22 April 2014

Pain and ultramarathon running – Exercise induced hypoalgesia and pain perception following acute or chronic running

The sun and warmth came with force to Uppsala this past Easter weekend and it has been temperatures in the mid 60s Fahrenheit (around 18 degrees Celsius) in the shadows. The snow has almost finally disappeared from the local ski piste Sunnerstabacken and I went for this year’s first real hill repeat training. Usually, I try to do these exercises with my trekking poles, as I will use the poles during mountain races where I think they are really beneficial I consider it appropriate to also train with them, but this time I for some reason left them at home. I do not know if it was due to this I experienced quite severe pain in my quadriceps already during the training or if it simply is my lack of serious hill repeat training during the winter. I am now experiencing a rather pleasant delayed onset muscle soreness (DOMS) as well.

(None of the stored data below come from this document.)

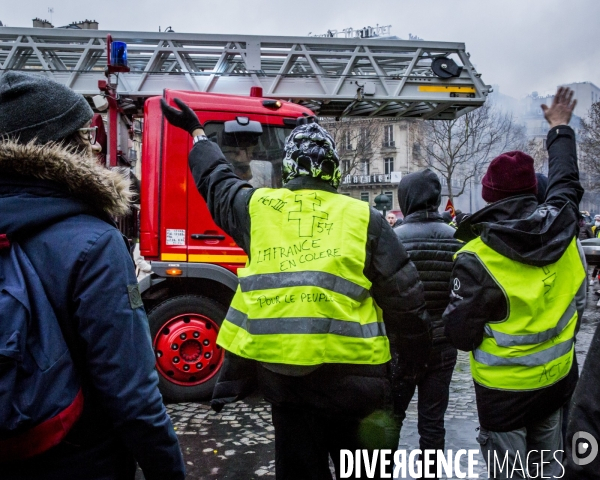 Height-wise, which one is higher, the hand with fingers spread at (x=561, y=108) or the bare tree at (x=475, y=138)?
the bare tree at (x=475, y=138)

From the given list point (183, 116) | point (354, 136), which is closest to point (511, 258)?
point (183, 116)

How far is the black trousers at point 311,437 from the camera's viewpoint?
242 cm

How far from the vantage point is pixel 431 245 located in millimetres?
3520

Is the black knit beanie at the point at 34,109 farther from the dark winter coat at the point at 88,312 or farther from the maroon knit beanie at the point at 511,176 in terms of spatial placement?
the maroon knit beanie at the point at 511,176

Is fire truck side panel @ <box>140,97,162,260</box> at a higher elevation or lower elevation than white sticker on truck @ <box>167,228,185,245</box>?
higher

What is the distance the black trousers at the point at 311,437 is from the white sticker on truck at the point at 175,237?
10.3ft

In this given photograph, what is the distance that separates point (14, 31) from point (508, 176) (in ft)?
20.6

Some patches of snow still lingering

As it was the muscle pain rather than my lungs or heart that put the limit on my hill repeats I wondered about how ultramarathon runners perceive pain. Is the sensitivity to pain different among ultramarathon runners in general? What about pain sensitivity during and immediately following races and training? Looking into the literature for studies I found not so many on pain (also called nociception) and ultramarathon running, but more on endurance training and running in general. There is plenty of evidence that exercise not only in itself often is rather painful, but that it also induces a transient decreased sensitivity to pain, so called exercise-induced hypoalgesia (EIH), lasting about half an hour after most types of exercise (reviewed in for instance Dannecker & Koltyn “Pain during and within hours after exercise in healthy adults” Sports Med 2014; Epub ahead of print; Janal “Pain sensitivity, exercise and stoicism” J R Soc Med 1996; 89:376-381). There was recently a meta-analysis published on the subject by Naugle and colleagues (Naugle et al “A meta-analytic review of the hypoalgesic effects of exercise” J Pain 2012; 13: 1139–1150). In this meta-analysis, a total of 25 studies,  consisting of a total of 437 healthy volunteers,  using a repeated measures design to examine the effect of acute isometric, aerobic, or dynamic resistance exercise on pain threshold and pain intensity measures were included were included. The results suggest that all three types of exercise reduce perception of experimentally induced pain in healthy participants, with effects ranging from small to large depending on pain induction method and exercise protocol. The mean effect size for aerobic exercise was moderate, while the mean effect sizes for isometric exercise and dynamic resistance exercise were large.

The mechanism behind EIH is at least partly mediated by endogenous central opioid mechanisms, as some of the effects are reversed by treatment with the opioid agonist naloxone as shown in several studies (see for instance Janal et al “Pain sensitivity, mood and plasma endocrine levels in man following long-distance running: effects of naloxone” Pain 1984; 19: 13-25). A very interesting study by Scheef and colleagues used functional magnetic resonance imaging (fMRI) to study which areas of the brain that were activated and to what degree during a painful thermal heat-pain challenge before and after 2 hours of running or walking in 20 trained athletes. Pain activation levels were elevated after walking, but decreased or unchanged after running, in particular in the periaqueductal grey (PAG) pathway in the brain (Scheef et al “An fMRI study on the acute effects of exercise on pain processing in trained athletes” Pain 2012; 153: 1702-1704). Running, but not walking, also reproducibly elevated beta-endorphin levels in plasma indicating an involvement of the opioidergic system. The interesting with the study by Scheef and colleagues was also that the pain sensitivity was tested after a rather strenuous running bout of two hours, in contrast to most studies which employ much shorter tests for aerobic “endurance” exercise. It is still unclear what the intensity threshold is for aerobic exercise-induced hypoalgesia, although it appears that there might be a dose-response and more vigorous exercise will produce larger EIH (Naugule et al “Intensity thresholds  for aerobic exercise-induced hypoalgesia” Med Sci Sports Exerc 2014; 46: 817-825). This is a controversial issue and some studies indicate that even non-painful exercise can induce EIH and that conditioned pain modulation (CPM) therefore is not the primary mechanism behind EIH (Ellingson et al “Does exercise induce hypoalgesia through condition pain modulation?” Psychophysiology 2014; 51: 267-276).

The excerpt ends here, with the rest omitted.